I just had direct TV out in my home. I can afford only one box at this time, however, I really want to watch TV in my bedroom. What do you suggest I use to also get TV in my room? I watch HIST, TLC, DIScovery, Investigation Dis, Tru Tv…
THANKS!

Brian
3 years ago
Reply to  Amanda Allen

Hi Amanda,

With cable and satellite, you’re kind of stuck; you’ll have to pay for a separate receiver for each TV. Generally they are at least $100 to buy and even more to rent over the long run.

These Internet streaming services offer a lot of the same channels for less:
https://www.disablemycable.com/streaming-services/

These require a streaming box such as a Roku, which starts at $29.95.

Best,
Brian

Chaz
Chaz
3 years ago
Reply to  Brian

Hello

Ugo
Ugo
3 years ago

Let’s do it

Ugo
Ugo
3 years ago
Reply to  Ugo

what

joe
joe
3 years ago

I want to receive OTA independent stations that are out of range of my external antenna with a preamp. These stations do not have an online service or feed. Is there any way to watch these stations. A new antenna isn’t the answer as the old one is already a long range antenna. I am wanting to watch UHF stations 80 to 120 miles away over flat terrain.

Brian
3 years ago
Reply to  joe

Hi Joe,

I don’t know of a solution; in fact, getting UHF signals from that far away may be nearly impossible due to the curvature of the earth. Check out this article to better estimate the transmitter’s range:
https://www.disablemycable.com/blog/estimate-tv-reception/

Best,
Brian

Christine George
Christine George
3 years ago

I found this site name in AARP magazine. So glad I did.
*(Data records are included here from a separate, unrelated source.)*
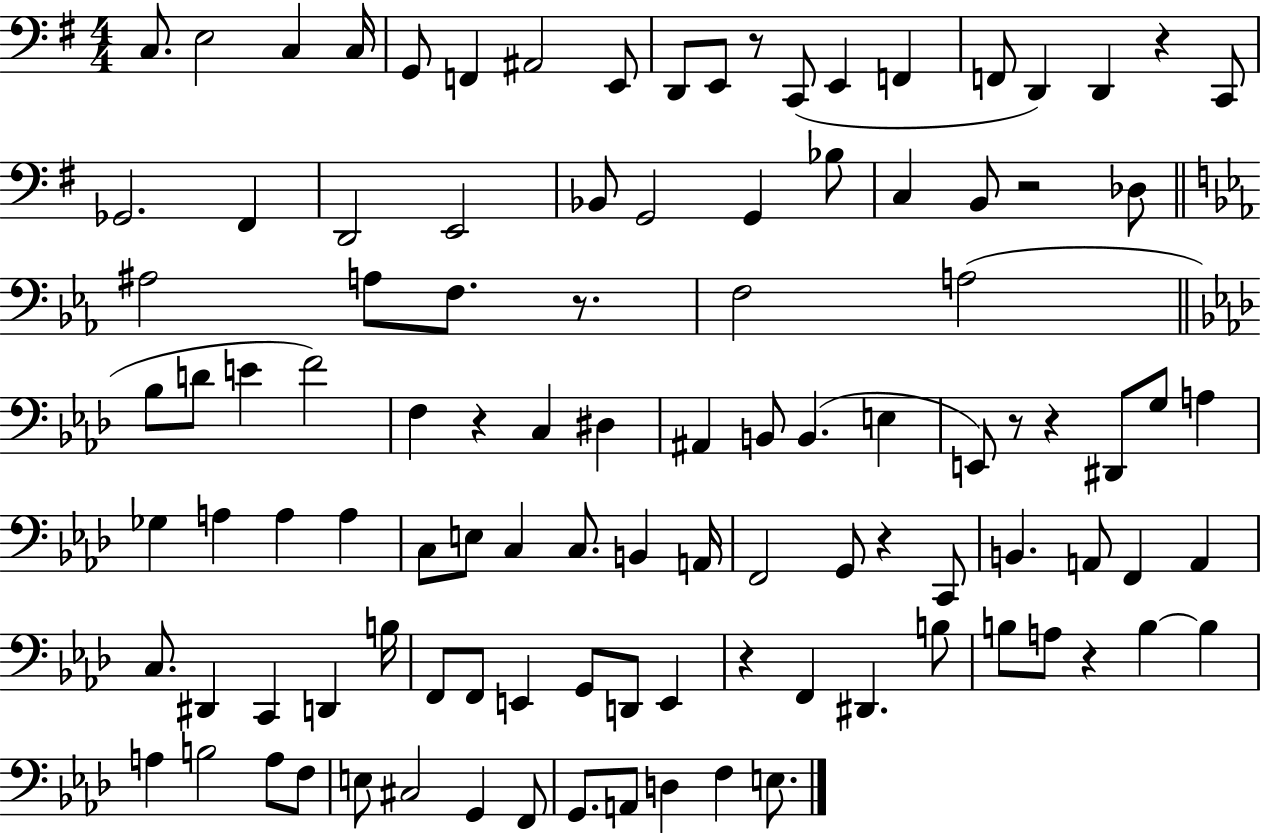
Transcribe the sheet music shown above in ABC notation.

X:1
T:Untitled
M:4/4
L:1/4
K:G
C,/2 E,2 C, C,/4 G,,/2 F,, ^A,,2 E,,/2 D,,/2 E,,/2 z/2 C,,/2 E,, F,, F,,/2 D,, D,, z C,,/2 _G,,2 ^F,, D,,2 E,,2 _B,,/2 G,,2 G,, _B,/2 C, B,,/2 z2 _D,/2 ^A,2 A,/2 F,/2 z/2 F,2 A,2 _B,/2 D/2 E F2 F, z C, ^D, ^A,, B,,/2 B,, E, E,,/2 z/2 z ^D,,/2 G,/2 A, _G, A, A, A, C,/2 E,/2 C, C,/2 B,, A,,/4 F,,2 G,,/2 z C,,/2 B,, A,,/2 F,, A,, C,/2 ^D,, C,, D,, B,/4 F,,/2 F,,/2 E,, G,,/2 D,,/2 E,, z F,, ^D,, B,/2 B,/2 A,/2 z B, B, A, B,2 A,/2 F,/2 E,/2 ^C,2 G,, F,,/2 G,,/2 A,,/2 D, F, E,/2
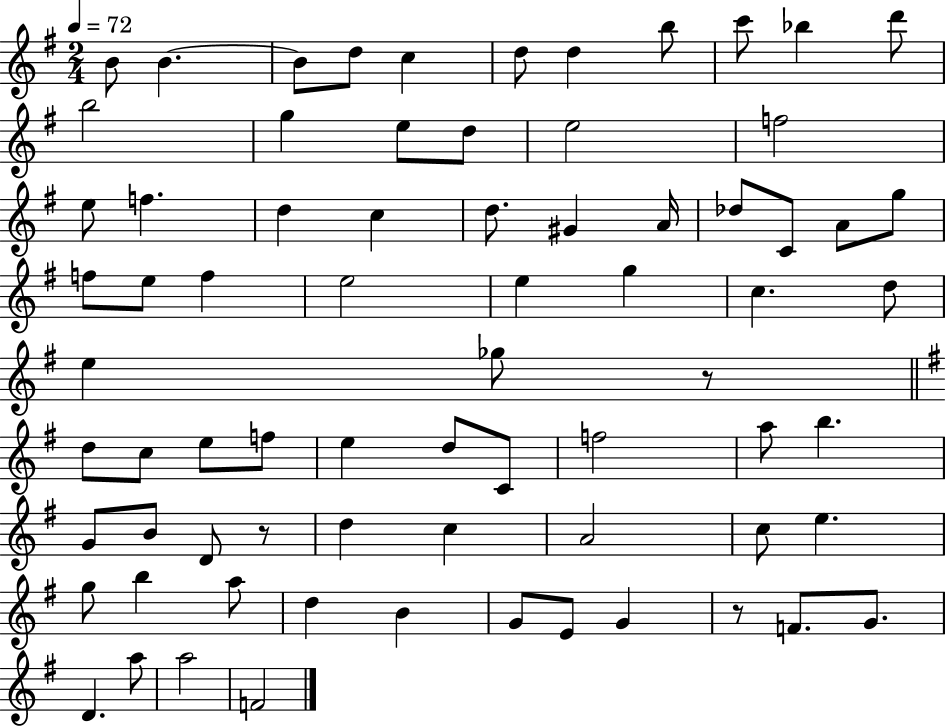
X:1
T:Untitled
M:2/4
L:1/4
K:G
B/2 B B/2 d/2 c d/2 d b/2 c'/2 _b d'/2 b2 g e/2 d/2 e2 f2 e/2 f d c d/2 ^G A/4 _d/2 C/2 A/2 g/2 f/2 e/2 f e2 e g c d/2 e _g/2 z/2 d/2 c/2 e/2 f/2 e d/2 C/2 f2 a/2 b G/2 B/2 D/2 z/2 d c A2 c/2 e g/2 b a/2 d B G/2 E/2 G z/2 F/2 G/2 D a/2 a2 F2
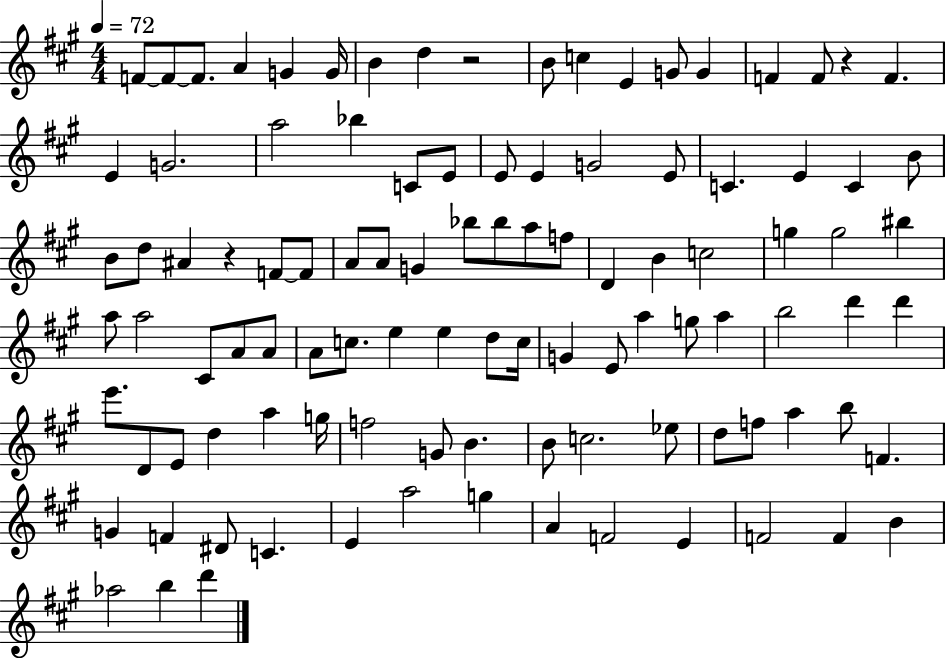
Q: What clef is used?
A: treble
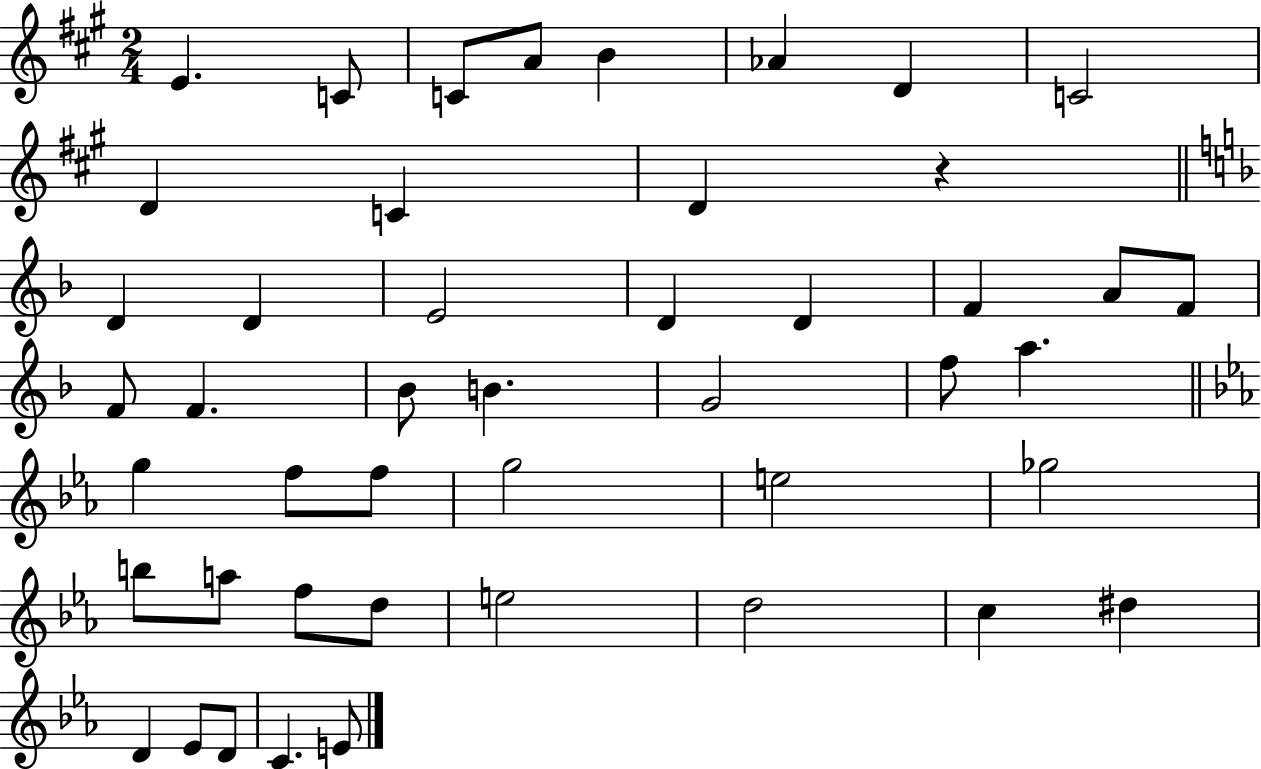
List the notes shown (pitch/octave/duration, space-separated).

E4/q. C4/e C4/e A4/e B4/q Ab4/q D4/q C4/h D4/q C4/q D4/q R/q D4/q D4/q E4/h D4/q D4/q F4/q A4/e F4/e F4/e F4/q. Bb4/e B4/q. G4/h F5/e A5/q. G5/q F5/e F5/e G5/h E5/h Gb5/h B5/e A5/e F5/e D5/e E5/h D5/h C5/q D#5/q D4/q Eb4/e D4/e C4/q. E4/e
I am preparing to start using my tv as my PC monitor allowing me to stream content on a bigger screen. Thank you for all the advice about the local antenna. I got 6 green hits for local stations only 6 miles away so that part should be ok. Here’s my question. As a member of Amazon Prime already, do I need Fire TV also? And if I understand correctly, the stick or the box is simply a choice. Thank you for making all this understandable.

Brian
3 years ago

Hi Christine,

I’m so glad you found my site and that it was useful to you!

Roku, Apple TV, and Fire TV have the Amazon app on them, so you could get any one of them to watch Amazon Prime on your TV. I would probably go with a Roku due to the uncertainties of getting YouTube on Fire TV. If that doesn’t matter to you, then either is fine.

Regarding the Amazon Fire TV stick, vs. the “box”, the box has 4K whereas the stick does not. If your TV is not 4K, then you can go with the stick.